Há que salientar que a atmosfera particular deste festival começou logo à chegada ao aeroporto, onde fomos recebidos com as melodias de músicos locais. Vários destes momentos de rara beleza se repetiram noutras ocasiões do evento, como aconteceu, por exemplo, no final da visita guiada às Salinas de Pedra de Lume (Património Cultural Nacional de Cabo Verde e um dos grandes pólos de atracção da Ilha do Sal), onde fomos brindados com uma leitura espontânea de poemas por várias pessoas acompanhadas por música ao vivo. Belo, cândido, bastante genuíno como, também, mais uma vez, muito diferente de certos ambientes que já presenciámos em iniciativas relacionadas. O transporte inicial até ao espaço onde ficámos alojados ter ocorrido numa carrinha Toyota Hiace antiga que dizia “transporte escolar” é apenas outro pormenor delicioso que nos apanhou de surpresa. E assim fomos, ao encontro do breu das estradas.


Como poderão depreender, o balanço do festival é muito positivo, mas não era apenas nele que estava focado.

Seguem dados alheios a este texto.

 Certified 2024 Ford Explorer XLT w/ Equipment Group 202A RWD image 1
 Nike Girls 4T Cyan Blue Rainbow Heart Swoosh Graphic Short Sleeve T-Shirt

Apesar do parco tempo de estadia (5 dias), conseguimos sentir um pouco da essência de um local que convida a um abrandar do pensamento, a um outro estilo de vida que procura a calma e não a urgência. O que dizer da população que apanha e arranja o peixe despreocupadamente no pontão da praia de Santa Maria, com crianças em redor a mergulhar constantemente com a felicidade de todos os sonhos do mundo estampados nos rostos? Ou das mulheres em Espargos que esperam na rua com serenidade, um bebé às costas e um festim de ímanes na cabeça o próximo turista? Ou das pessoas que trazem na mão pedras enormes de sal por tratar nas Salinas? Ou das crianças que comandam ritmos tribais com os seus tambores endiabrados numa noite perdida de fim-de-semana, contagiando a multidão a juntar-se numa dança hipnótica nas ruas de Santa Maria? É uma realidade diferente da nossa, um contacto com outra cultura que nos faz, inadvertidamente, reflectir.


Aproveito aqui a oportunidade para agradecer, uma vez mais, o convite que a organização nos fez, assim como toda a sua disponibilidade, generosidade e simpatia, em todos os momentos desta nossa odisseia, em especial ao Filinto Silva, à Márcia Souto, à Patrícia Santos Pinto e a José Luís Peixoto que, incansáveis, preparam já a próxima edição deste Festival de Literatura-Mundo do Sal. Até breve!